Ouh là, ça devenait un peuuu trop personnel à son goût:
-Je n'ai pas besoin de…
-Mais même mes efforts il les voit pas, il est juste enragé et ne veut même plus me parler. Il a même dit qu'il faudrait peut-être qu'on arrête tout. Et j'ai vraiment, vraiment pas envie qu'on arrête. Même si je suis super en colère, même si j'ai eu envie de l'étriper, j'ai pas envie de tout foutre en l'air maintenant.
Albafica tenta de masquer son inconfort du mieux qu'il pouvait: oh bon sang, il en savait beaucoup trop! Est-ce qu'il était supposé savoir tout ça? Non, bien sûr que non. Est-ce qu'il avait envie de savoir tout ça? Mille fois non! Il aurait préféré que Kardia hoche la tête suite à son conseil puis se remette à râler. Mais non, au lieu de ça, le fameux grand bavard se dévoilait enfin et ne lui laissait plus en placer une. Il tenta tout de même de lever une main mais il abandonna bien vite:
-Je veux même pas essayer de mentir, lui l'a fait, mais bon, on s'en fout: j'ai fait un truc horrible, mais c'est le truc que je regrette le plus au monde. Tu vois ce que je veux dire?
-Heu…
-Sincèrement, le mieux serait de revenir en arrière.
En effet, ça risquait d'être compliqué:
-Je sais pas comment me faire pardonner et j'ai pas envie qu'on finisse nos vies en se détestant. En me faisant détester par lui. Moi je suis juste en rogne contre lui, mais je le hais pas. Je hais cette fille, pas lui. Mes regrets sont plus forts que ma colère, t'imagines?
Ok, il savait donc précisément ce qui avait pu mettre ces deux oiseaux à dos: une tromperie de chaque côté, s'il n'était pas complètement à côté de ses pompes. Malgré lui et malgré un choc certain en entendant cela, autant il estima ça presque normal de la part de Kardia (il suffisait de voir le comportement du Scorpion pour se dire qu'il n'était pas fiable)… Autant il resta plus surpris par le comportement de Dégel.

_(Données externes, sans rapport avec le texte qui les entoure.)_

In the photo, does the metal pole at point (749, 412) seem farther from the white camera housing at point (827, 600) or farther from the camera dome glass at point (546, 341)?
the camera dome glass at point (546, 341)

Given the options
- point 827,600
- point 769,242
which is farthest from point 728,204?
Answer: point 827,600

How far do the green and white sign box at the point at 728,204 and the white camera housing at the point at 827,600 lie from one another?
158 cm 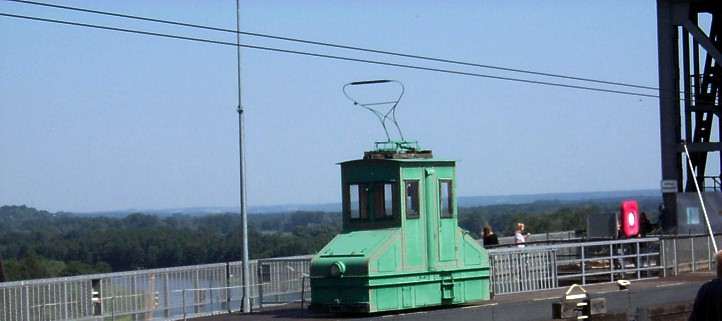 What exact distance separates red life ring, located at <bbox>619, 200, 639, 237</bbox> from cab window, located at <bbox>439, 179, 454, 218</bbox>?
43.4 ft

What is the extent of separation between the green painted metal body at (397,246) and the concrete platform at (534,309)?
0.32 meters

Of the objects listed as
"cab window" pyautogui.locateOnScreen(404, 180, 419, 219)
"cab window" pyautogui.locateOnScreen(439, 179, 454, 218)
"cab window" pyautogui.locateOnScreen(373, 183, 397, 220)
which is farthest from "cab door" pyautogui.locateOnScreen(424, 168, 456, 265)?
"cab window" pyautogui.locateOnScreen(373, 183, 397, 220)

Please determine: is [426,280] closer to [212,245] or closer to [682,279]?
[682,279]

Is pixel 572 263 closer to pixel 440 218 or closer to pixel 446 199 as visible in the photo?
pixel 446 199

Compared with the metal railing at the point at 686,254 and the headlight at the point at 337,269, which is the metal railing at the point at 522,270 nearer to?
the metal railing at the point at 686,254

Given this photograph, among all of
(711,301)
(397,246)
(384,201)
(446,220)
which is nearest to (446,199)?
(446,220)

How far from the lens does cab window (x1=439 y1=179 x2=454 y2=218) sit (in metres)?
24.6

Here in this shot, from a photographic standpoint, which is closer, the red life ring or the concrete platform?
the concrete platform

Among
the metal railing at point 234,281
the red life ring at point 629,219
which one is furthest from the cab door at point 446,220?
the red life ring at point 629,219

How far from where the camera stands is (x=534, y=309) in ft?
80.3

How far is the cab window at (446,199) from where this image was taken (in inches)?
969

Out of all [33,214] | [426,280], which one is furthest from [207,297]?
[33,214]

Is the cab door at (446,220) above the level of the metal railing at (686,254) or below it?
above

Comment un homme aussi noble, aussi honnête, sincère et fidèle avait-il pu faire cet écart? Il était clair que ce problème était bien plus compliqué qu'il n'en avait l'air au premier abord! Impossible pour lui de donner de bons conseils au vu de sa maigre expérience!

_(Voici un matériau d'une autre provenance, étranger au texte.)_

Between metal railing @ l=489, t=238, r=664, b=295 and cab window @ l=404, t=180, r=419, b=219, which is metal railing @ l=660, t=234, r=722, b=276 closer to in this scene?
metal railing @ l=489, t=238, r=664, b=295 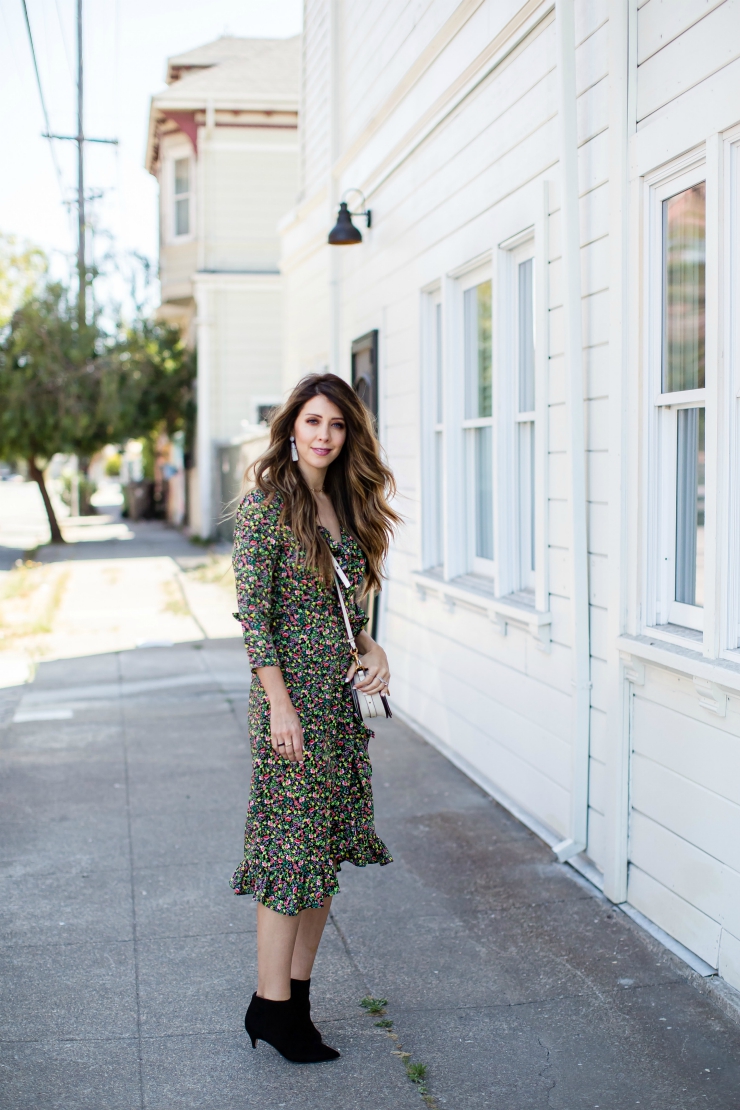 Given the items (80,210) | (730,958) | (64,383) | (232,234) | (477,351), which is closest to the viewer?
(730,958)

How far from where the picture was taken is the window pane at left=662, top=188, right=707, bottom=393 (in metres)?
3.43

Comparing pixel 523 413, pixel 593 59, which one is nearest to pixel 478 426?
pixel 523 413

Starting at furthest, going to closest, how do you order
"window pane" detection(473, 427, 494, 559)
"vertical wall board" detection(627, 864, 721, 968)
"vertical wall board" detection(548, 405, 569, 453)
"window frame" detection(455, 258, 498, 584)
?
"window pane" detection(473, 427, 494, 559) < "window frame" detection(455, 258, 498, 584) < "vertical wall board" detection(548, 405, 569, 453) < "vertical wall board" detection(627, 864, 721, 968)

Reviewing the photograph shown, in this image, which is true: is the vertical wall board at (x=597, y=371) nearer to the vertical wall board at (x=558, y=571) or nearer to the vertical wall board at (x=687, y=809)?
the vertical wall board at (x=558, y=571)

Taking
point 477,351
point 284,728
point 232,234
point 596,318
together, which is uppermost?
point 232,234

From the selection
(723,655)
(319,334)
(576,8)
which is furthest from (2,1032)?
(319,334)

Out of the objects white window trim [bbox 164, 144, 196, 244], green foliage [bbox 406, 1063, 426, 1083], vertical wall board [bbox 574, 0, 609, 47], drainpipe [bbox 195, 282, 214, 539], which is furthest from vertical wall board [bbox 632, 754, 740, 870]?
white window trim [bbox 164, 144, 196, 244]

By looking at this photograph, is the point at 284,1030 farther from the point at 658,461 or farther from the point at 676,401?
the point at 676,401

-Je la hais, je suis enragé comme jamais, mais j'ai envie de tourner la page, je suis prêt à le faire. Alors comment je peux faire pour que de son côté il soit prêt à me pardonner?
Albafica retint une grimace hésitante et se racla distraitement la gorge, plus pour se donner le temps de la réflexion que pour autre chose:
-Hé bien… Je pense que Dégel est plus, comment dire?… Sensible, qu'il n'y parait.
-Ouais, ça je sais.
-Donc je crois que le mieux à faire c'est d'abord de lui laisser le temps de décolérer un peu, le laisser réfléchir et prendre le temps de se calmer, d'accepter,… Et, dis-moi si je me trompe mais, (Sa voix se fit un peu plus assurée) est-ce que sa colère ne serait pas surtout dirigée vers lui-même avant de l'être vers toi?
Kardia sembla sur le point de parler mais il se tut, comme frappé par cette phrase: ce n'était pas impossible. Peut-être que cette colère si terrible l'était parce qu'une partie d'elle était dirigée vers Dégel lui-même. Tout comme ses remords l'empêchaient d'accuser et d'accabler son frère d'armes plus qu'il ne l'avait déjà fait. Comment avait-il pu être aussi aveugle? Lui qui disait le connaitre par coeur, lui qui avait même accès à ses pensées,… Il n'avait pas compris, n'avait pas su comprendre que Dégel n'attendait pas que ses excuses… Il devait d'abord se pardonner à lui-même avant de pouvoir essayer de pardonner son erreur à son compagnon.
C'était donc pour ça?
Et… Et si ses excuses ne l'atteignaient pas pour la même raison? Et si il devait d'abord essayer de se pardonner à lui-même avant de s'excuser? Kardia secoua la tête: il ne pourrait jamais se pardonner, et il ne pourrait jamais entièrement pardonner à Dégel, il savait qu'il en était incapable. Mais s'il voulait essayer de rattraper les pots cassés, il devrait faire plus d'efforts encore, mettre les bouchées doubles une fois rentré pour que Dégel voie qu'il ne pourrait jamais se pardonner mais qu'il était prêt à tout pour le récupérer.
-Et s'il ne veut plus de moi?
Albafica hésita:
-Je pense que tu devras le laisser partir.
Kardia déglutit difficilement et fronça les sourcils:
-Hors de question.
-Alors arrange-toi pour que ça n'arrive pas.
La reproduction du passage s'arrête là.